Section 2. Contracts – The Board of Directors may authorize any officers, agents, or agents of the association, in addition to the officers so authorized by these bylaws, to enter into any contract or execute and deliver any instrument in the name of and on behalf of the association and such authority may be general or confined to specific instances.
Section 3. Checks, Drafts, etc. – All checks, drafts or other orders for the payment of money, notes or other evidences of indebtedness issued in the name of the association, shall be signed by such officer or officers, agent or agents of the association and in such manner as shall from time to time be determined by resolution of the Board of Directors. In the absence of such determination by the Board of Directors, such instruments shall be signed by the Executive Director or Secretary/Treasurer.

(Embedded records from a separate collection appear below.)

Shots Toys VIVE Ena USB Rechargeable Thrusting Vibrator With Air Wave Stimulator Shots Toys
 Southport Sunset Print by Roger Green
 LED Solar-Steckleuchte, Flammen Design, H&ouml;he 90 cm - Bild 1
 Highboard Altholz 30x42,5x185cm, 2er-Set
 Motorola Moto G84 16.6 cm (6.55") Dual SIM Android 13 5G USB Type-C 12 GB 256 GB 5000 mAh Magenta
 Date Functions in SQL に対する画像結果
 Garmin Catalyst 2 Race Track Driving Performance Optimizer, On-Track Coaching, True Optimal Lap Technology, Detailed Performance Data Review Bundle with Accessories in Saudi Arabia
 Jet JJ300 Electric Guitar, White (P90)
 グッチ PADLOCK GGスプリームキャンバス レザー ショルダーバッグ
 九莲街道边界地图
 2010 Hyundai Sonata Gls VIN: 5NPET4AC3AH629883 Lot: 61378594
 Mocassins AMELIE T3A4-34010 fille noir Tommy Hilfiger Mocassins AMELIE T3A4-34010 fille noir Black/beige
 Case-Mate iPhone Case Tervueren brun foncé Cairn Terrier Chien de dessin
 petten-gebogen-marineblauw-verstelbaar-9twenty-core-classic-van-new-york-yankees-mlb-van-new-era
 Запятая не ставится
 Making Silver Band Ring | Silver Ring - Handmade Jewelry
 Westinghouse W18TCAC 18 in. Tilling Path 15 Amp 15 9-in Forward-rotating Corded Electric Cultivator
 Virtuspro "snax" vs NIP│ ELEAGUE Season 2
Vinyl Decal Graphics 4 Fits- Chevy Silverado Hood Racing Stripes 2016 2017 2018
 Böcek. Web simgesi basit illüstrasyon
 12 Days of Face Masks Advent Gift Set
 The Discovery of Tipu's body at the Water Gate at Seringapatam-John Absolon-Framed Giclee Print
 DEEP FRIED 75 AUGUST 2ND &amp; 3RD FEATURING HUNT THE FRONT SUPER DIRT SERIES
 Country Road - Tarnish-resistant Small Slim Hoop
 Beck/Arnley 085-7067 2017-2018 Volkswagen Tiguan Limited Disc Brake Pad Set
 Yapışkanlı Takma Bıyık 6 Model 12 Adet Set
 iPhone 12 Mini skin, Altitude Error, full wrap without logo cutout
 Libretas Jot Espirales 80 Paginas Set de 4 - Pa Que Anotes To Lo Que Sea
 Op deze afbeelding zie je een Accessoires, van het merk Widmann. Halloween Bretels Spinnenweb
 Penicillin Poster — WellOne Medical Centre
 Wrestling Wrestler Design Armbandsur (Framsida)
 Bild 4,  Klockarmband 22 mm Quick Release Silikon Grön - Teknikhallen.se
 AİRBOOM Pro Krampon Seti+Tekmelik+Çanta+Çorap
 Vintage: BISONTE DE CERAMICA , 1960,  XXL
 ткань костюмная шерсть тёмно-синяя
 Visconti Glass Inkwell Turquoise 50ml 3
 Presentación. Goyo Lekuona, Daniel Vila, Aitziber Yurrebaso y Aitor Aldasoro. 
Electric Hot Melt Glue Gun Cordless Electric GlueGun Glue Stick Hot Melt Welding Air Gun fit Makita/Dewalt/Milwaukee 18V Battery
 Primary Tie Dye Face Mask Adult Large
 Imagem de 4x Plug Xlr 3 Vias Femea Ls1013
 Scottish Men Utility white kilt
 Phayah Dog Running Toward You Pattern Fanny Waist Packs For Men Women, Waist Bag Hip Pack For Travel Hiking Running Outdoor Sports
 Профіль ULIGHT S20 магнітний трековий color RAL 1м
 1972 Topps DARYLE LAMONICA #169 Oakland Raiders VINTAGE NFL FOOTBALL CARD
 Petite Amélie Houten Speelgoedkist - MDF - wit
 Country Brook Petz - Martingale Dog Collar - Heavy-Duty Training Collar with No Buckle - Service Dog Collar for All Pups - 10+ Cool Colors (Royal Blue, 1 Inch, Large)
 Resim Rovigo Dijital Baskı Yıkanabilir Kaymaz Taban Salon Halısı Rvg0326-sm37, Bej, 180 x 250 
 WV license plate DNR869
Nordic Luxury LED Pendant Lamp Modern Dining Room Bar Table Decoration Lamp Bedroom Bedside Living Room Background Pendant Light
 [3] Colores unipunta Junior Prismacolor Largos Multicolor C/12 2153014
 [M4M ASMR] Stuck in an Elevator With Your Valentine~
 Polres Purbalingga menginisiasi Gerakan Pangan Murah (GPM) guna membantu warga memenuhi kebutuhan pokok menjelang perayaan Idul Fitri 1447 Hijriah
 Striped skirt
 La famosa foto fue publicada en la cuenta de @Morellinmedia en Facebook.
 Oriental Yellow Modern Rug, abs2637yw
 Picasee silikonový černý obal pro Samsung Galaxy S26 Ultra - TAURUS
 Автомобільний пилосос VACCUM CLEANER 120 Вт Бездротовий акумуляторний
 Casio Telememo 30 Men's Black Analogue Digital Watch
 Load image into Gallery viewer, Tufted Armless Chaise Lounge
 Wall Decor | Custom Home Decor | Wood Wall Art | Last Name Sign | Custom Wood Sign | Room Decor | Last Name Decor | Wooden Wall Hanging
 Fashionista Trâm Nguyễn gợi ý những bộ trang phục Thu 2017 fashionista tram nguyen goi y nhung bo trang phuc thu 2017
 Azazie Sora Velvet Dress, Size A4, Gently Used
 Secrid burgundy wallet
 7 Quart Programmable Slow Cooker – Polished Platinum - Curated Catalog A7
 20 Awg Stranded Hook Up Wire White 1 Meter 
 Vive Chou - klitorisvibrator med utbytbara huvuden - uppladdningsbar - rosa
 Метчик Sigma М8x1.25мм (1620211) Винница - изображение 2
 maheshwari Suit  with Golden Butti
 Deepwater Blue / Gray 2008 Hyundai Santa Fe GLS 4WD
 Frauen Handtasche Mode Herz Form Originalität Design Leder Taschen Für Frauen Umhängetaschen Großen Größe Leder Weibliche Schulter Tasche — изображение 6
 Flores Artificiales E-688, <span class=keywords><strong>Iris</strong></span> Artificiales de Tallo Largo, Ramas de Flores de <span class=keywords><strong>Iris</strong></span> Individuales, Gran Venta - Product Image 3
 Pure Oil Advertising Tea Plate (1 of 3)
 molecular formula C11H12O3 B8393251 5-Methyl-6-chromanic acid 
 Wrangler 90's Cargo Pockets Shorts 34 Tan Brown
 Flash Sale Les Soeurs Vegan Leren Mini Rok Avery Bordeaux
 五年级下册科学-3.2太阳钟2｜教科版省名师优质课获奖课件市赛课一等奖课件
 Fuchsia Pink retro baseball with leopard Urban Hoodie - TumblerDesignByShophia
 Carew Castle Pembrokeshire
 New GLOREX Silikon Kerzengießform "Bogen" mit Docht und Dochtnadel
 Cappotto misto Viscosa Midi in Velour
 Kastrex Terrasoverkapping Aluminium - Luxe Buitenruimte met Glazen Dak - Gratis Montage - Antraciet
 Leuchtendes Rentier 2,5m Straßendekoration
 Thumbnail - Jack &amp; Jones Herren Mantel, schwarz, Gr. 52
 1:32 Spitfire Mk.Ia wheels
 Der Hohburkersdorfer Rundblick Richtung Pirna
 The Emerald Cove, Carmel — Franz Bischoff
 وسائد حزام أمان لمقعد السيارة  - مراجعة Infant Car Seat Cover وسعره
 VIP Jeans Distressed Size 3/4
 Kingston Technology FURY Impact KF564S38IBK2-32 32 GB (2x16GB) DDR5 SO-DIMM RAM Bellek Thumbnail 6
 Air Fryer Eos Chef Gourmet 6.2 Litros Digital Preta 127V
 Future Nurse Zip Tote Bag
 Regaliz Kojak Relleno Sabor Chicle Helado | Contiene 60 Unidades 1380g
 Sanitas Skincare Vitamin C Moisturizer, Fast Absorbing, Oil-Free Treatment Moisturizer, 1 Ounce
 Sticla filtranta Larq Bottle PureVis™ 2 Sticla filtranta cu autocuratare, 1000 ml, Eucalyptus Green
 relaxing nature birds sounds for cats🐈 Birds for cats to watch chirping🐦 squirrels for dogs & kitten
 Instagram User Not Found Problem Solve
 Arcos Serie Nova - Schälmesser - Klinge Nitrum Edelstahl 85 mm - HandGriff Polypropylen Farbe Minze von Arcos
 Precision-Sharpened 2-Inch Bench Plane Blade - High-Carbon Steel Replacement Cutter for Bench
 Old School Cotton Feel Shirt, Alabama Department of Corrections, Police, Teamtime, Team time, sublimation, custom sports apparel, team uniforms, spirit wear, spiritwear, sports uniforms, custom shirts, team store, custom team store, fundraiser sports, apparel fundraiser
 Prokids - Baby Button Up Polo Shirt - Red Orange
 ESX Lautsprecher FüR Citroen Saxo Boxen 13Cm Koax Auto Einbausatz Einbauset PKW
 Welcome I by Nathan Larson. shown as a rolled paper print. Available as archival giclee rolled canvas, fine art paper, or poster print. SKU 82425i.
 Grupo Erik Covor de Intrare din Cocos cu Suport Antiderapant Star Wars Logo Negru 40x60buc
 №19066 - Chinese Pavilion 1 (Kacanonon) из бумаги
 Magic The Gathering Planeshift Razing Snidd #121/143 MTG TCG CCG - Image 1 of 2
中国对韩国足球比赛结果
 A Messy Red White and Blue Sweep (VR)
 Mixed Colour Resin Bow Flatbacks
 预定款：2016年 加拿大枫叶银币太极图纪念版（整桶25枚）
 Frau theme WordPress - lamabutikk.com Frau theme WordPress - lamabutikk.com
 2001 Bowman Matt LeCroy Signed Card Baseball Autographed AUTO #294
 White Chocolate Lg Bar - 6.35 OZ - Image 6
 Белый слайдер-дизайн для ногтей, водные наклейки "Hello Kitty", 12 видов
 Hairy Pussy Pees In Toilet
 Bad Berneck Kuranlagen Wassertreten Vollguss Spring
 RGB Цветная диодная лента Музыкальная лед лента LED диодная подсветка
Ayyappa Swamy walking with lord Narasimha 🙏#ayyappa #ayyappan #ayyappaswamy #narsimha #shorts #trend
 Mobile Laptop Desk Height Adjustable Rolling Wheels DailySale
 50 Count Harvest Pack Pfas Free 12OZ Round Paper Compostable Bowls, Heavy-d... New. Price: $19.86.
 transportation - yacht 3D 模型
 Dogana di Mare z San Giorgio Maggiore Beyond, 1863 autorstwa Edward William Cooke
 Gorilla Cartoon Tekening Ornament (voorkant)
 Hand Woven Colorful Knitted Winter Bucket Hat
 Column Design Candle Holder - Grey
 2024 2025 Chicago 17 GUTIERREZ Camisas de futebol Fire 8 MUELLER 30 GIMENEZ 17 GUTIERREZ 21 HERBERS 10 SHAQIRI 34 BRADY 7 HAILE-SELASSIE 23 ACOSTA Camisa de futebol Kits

Section 4. Books and Records – The association shall keep correct and complete books and records of account and shall also keep minutes of the proceedings of its members, the Board of Directors and committees having any of the authority of the Board of Directors, and shall keep at the registered or principal office a record giving the names and addresses of the members entitled to vote.
Section 5. Dissolution – The Board of Directors shall determine distribution of the association's assets, for such lawful purposes as it determines in such an instance.
Section 6. Waiver of Notice – Whenever any notice whatsoever is required to be given under the provisions of the General Not For Profit Corporation Act of Illinois or under the provisions of the Articles of Incorporation or the bylaws of the association, a waiver thereof in writing signed by the person or persons entitled to such notice, whether before or after the time stated therein, shall be deemed equivalent to the giving of such notice.
Section 7. Indemnification – The association shall provide for the indemnification of the association and all officers, directors, employees and agents of the association, to the full extent permitted by the Not For Profit laws of the state of New York, and shall be entitled to purchase insurance for such indemnification to the full extent as determined from time to time by the Board of Directors of the association.
ARTICLE X – AMENDING THE BYLAWS
These Bylaws (excepting this and the next sentence) may be amended in whole or in part at any meeting of the Board of Directors by a three-fourths (3/4) vote of the Board of Directors, provided that the same amendment was approved by a three-fourths (3/4) vote of the Board of Directors at a previous meeting held at least thirty (30) days earlier. Alternatively, the Bylaws may be amended in whole or in part at any Annual Meeting by a majority of members present, in person or by proxy, provided that the text of the proposed amendment(s) is contained in the notice of such annual or special meetings of members.